(Recorded data)
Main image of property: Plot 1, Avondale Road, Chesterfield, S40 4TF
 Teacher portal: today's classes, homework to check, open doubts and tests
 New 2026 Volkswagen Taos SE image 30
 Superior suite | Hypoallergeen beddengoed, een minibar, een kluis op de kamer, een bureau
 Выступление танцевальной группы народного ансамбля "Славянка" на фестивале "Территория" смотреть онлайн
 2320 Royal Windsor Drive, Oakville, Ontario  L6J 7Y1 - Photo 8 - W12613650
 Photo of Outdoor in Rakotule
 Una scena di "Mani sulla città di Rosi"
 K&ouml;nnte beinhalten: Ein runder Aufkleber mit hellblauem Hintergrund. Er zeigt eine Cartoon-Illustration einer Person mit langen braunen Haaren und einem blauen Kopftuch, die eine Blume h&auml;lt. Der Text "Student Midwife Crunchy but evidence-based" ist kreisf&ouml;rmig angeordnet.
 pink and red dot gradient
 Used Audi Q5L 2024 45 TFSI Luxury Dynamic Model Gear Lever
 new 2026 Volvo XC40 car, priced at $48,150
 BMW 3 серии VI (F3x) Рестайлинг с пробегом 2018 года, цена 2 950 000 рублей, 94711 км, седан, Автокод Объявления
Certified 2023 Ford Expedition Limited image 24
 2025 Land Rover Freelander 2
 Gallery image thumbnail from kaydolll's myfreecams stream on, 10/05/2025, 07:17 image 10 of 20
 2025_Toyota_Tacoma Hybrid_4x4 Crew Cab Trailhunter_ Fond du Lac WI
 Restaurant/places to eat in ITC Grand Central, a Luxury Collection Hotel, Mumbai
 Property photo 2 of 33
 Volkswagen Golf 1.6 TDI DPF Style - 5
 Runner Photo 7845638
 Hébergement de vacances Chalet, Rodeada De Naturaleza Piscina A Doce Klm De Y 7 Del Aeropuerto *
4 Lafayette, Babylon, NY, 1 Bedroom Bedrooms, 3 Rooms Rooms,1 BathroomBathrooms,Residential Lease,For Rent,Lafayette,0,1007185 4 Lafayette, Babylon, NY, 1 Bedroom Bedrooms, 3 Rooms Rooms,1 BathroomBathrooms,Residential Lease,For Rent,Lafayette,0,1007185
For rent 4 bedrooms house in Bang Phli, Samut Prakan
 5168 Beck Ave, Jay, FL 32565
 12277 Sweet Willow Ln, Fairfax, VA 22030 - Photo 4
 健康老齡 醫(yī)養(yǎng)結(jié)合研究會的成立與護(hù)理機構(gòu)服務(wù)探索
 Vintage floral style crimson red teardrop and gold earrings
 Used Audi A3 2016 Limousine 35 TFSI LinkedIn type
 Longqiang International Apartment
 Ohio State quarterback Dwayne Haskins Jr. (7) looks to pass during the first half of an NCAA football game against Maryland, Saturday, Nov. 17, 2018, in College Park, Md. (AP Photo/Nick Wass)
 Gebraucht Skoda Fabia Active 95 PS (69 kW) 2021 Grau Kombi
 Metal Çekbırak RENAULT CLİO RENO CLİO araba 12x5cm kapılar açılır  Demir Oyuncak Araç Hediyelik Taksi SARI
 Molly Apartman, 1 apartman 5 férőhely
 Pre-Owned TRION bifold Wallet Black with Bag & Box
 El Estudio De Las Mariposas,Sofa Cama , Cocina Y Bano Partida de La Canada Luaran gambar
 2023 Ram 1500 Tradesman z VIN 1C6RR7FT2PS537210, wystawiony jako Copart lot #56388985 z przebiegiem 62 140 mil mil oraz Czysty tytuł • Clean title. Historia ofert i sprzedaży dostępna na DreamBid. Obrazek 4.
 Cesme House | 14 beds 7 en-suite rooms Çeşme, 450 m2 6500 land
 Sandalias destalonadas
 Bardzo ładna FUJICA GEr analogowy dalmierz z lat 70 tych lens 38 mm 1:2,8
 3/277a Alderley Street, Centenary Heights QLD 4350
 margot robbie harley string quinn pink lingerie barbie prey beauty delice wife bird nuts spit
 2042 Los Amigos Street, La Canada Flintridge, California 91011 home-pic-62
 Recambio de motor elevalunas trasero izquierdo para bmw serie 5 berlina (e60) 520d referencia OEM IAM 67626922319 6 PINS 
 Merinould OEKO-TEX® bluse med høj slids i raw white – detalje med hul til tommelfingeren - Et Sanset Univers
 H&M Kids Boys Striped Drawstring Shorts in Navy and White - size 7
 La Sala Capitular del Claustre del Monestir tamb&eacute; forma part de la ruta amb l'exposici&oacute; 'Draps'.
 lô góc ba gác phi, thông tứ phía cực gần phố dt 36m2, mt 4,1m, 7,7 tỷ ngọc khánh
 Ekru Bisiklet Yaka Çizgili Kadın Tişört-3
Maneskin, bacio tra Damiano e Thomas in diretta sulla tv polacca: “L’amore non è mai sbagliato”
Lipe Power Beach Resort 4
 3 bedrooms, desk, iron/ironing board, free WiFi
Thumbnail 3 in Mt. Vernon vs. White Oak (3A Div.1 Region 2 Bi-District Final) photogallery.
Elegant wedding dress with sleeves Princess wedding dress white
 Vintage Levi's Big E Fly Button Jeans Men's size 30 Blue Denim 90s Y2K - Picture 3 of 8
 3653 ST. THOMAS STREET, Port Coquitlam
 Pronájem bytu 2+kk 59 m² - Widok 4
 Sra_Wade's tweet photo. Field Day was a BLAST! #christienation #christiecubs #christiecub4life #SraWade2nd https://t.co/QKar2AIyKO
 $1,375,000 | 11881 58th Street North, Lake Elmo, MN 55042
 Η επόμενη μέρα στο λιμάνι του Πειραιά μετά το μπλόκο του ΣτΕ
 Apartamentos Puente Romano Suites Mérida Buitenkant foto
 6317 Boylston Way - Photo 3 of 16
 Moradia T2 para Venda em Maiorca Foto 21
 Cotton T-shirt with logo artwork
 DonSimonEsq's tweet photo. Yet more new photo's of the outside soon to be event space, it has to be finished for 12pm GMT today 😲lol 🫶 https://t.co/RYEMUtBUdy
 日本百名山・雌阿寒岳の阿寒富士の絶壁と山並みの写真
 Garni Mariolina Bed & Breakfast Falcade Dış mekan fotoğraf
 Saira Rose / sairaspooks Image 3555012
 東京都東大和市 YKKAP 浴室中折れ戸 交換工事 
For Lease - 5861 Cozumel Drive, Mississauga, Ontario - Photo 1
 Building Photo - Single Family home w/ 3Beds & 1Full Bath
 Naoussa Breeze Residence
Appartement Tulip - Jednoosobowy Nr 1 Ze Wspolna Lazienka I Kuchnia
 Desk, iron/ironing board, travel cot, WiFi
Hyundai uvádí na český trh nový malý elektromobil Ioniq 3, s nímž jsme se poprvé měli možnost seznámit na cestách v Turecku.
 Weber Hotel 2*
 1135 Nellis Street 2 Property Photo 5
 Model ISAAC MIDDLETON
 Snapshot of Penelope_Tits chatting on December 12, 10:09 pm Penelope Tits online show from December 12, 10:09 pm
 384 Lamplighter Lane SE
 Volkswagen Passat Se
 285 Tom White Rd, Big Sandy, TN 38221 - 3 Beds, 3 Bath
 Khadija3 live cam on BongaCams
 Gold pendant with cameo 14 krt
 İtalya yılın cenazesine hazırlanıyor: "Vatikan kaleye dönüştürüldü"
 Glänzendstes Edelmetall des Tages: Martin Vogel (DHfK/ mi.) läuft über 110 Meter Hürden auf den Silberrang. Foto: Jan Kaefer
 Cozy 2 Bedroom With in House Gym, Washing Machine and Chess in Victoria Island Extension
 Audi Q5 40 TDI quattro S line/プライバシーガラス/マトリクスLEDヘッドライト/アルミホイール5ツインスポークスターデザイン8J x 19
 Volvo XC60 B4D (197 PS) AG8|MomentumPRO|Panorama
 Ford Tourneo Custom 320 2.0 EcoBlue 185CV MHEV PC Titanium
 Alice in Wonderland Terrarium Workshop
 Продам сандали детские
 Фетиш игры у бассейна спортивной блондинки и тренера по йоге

→ **Task objective**:
The first line of the entries above and every line after it, up to and including the line with "Una scena di", should be set down exactly.

→ **Reply to the task**:
Main image of property: Plot 1, Avondale Road, Chesterfield, S40 4TF
 Teacher portal: today's classes, homework to check, open doubts and tests
 New 2026 Volkswagen Taos SE image 30
 Superior suite | Hypoallergeen beddengoed, een minibar, een kluis op de kamer, een bureau
 Выступление танцевальной группы народного ансамбля "Славянка" на фестивале "Территория" смотреть онлайн
 2320 Royal Windsor Drive, Oakville, Ontario  L6J 7Y1 - Photo 8 - W12613650
 Photo of Outdoor in Rakotule
 Una scena di "Mani sulla città di Rosi"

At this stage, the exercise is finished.